▶ [Assigned task]:
The entries are to be reproduced word for word, with all images left out.

▶ [Recorded data]:
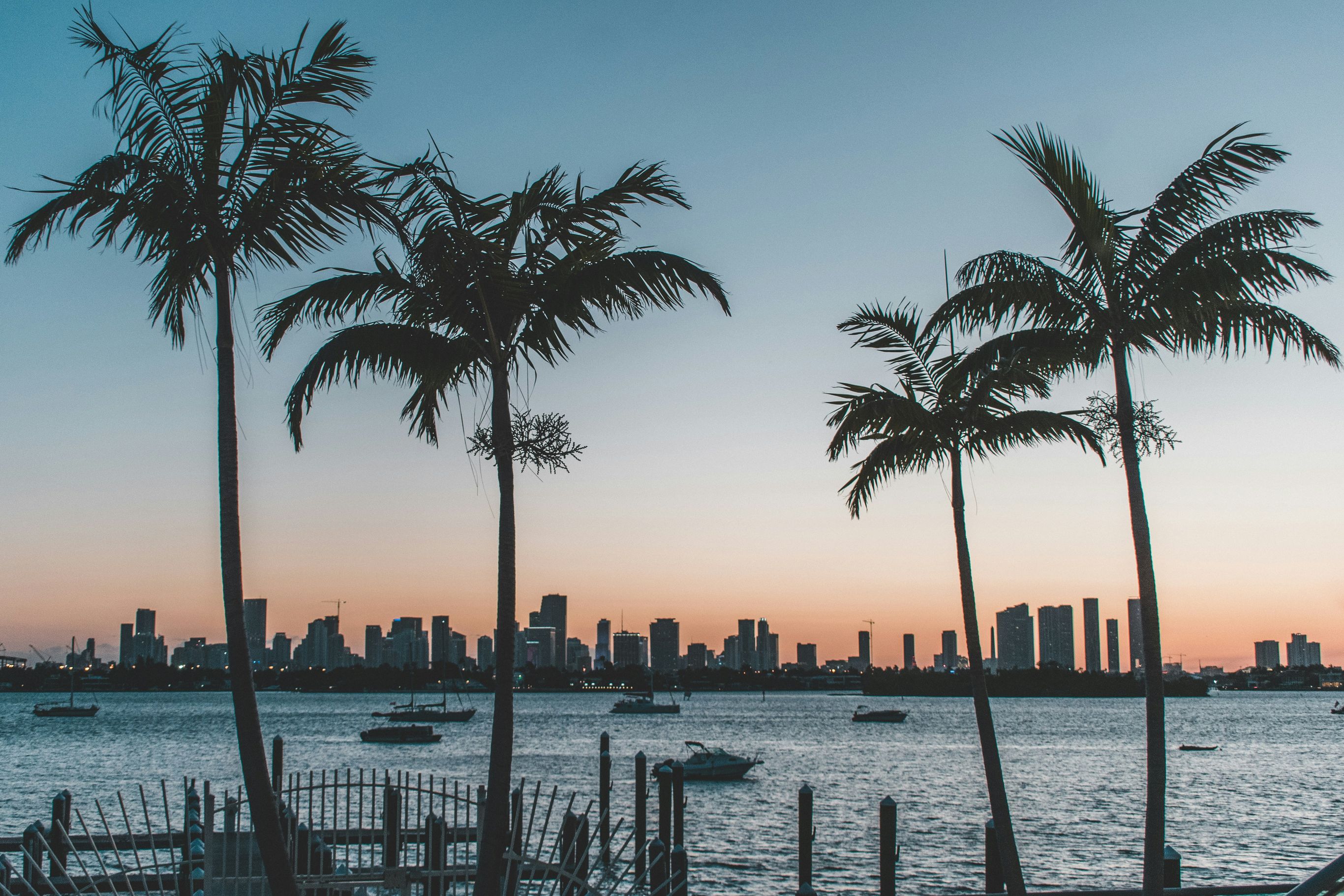 Hoogtepunten van Florida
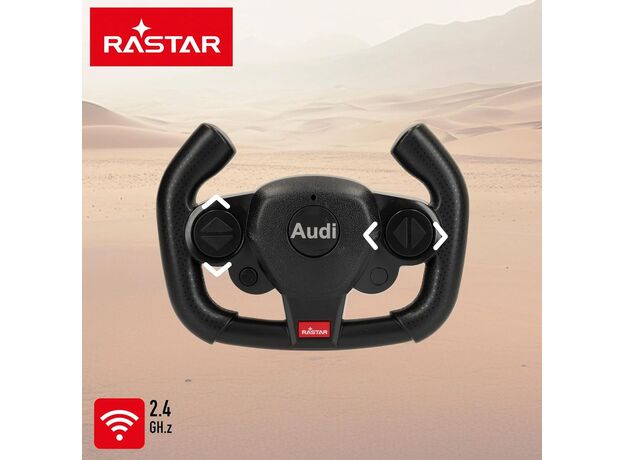 ماشین کنترلی آئودی RS Q e-tron E2 راستار با مقیاس 1:14, image 7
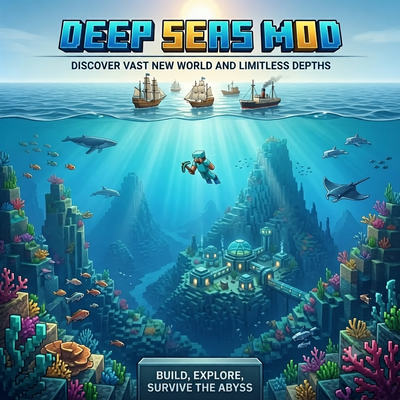 DeepSeas project artwork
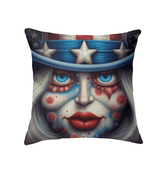 A Celebration Of America Indoor Pillow - Beyond T-shirts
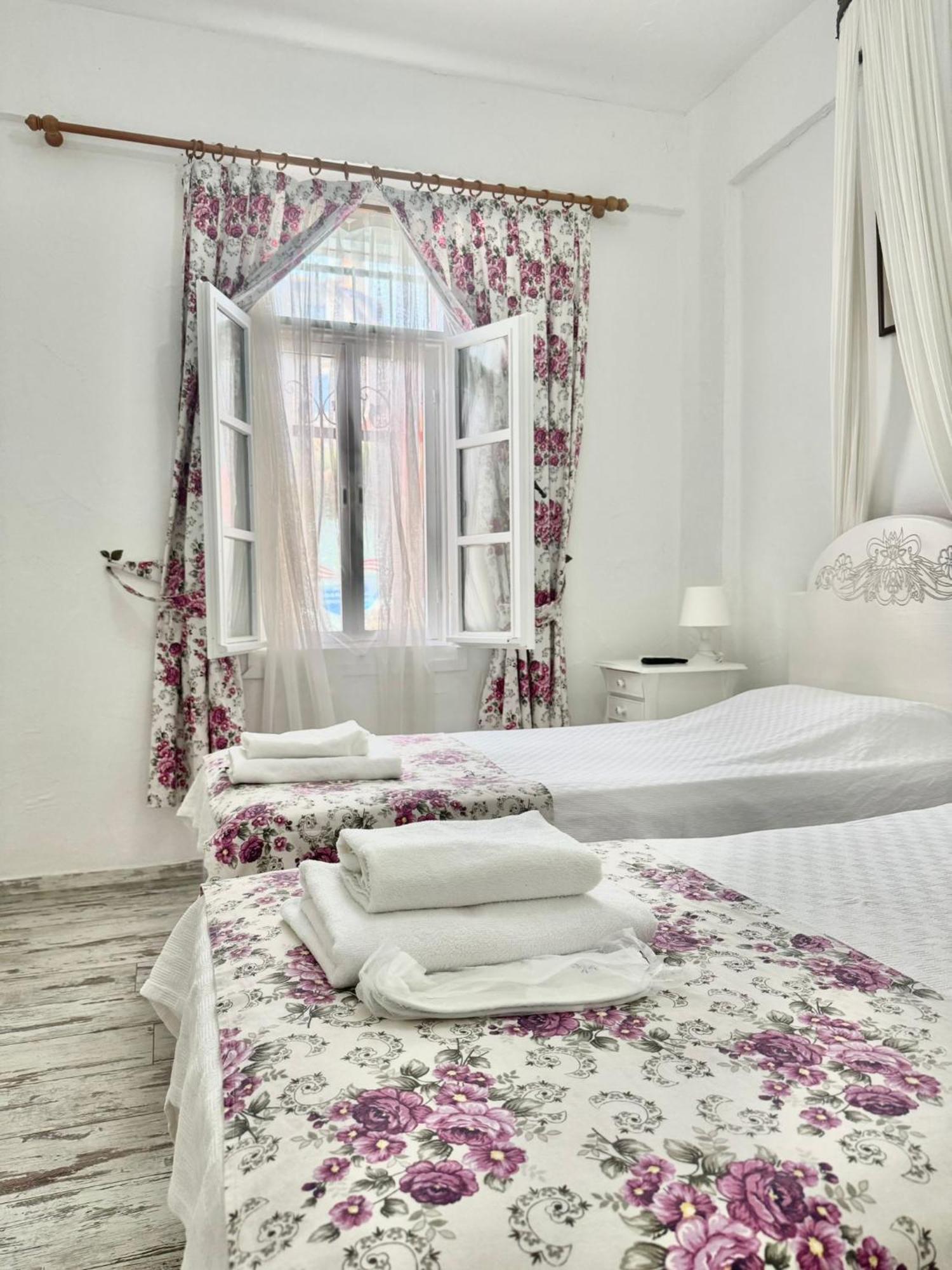 Hotel Aisem By Hire Alaçatı Exteriér fotografie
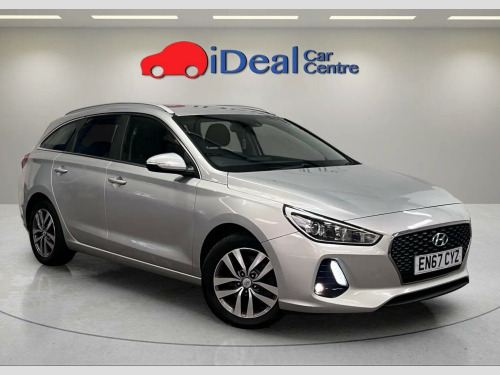 Hyundai i30  1.6 CRDi SE Nav Tourer Euro 6 (s/s) 5dr
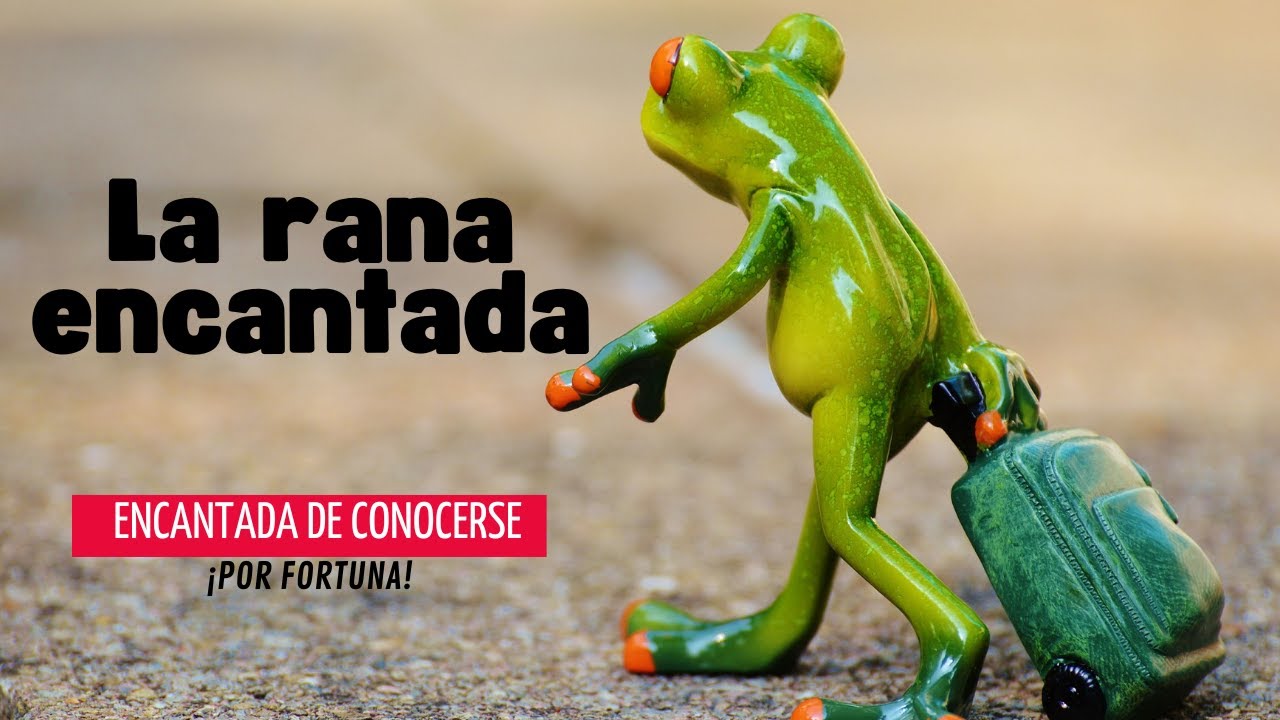 La Rana Encantada: El secreto de la Alquimia Interior y el Instinto 🐸✨ #cuentoterapia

▶ [Written response]:
 Hoogtepunten van Florida
 ماشین کنترلی آئودی RS Q e-tron E2 راستار با مقیاس 1:14, image 7
 DeepSeas project artwork
 A Celebration Of America Indoor Pillow - Beyond T-shirts
 Hotel Aisem By Hire Alaçatı Exteriér fotografie
 Hyundai i30  1.6 CRDi SE Nav Tourer Euro 6 (s/s) 5dr
 La Rana Encantada: El secreto de la Alquimia Interior y el Instinto 🐸✨ #cuentoterapia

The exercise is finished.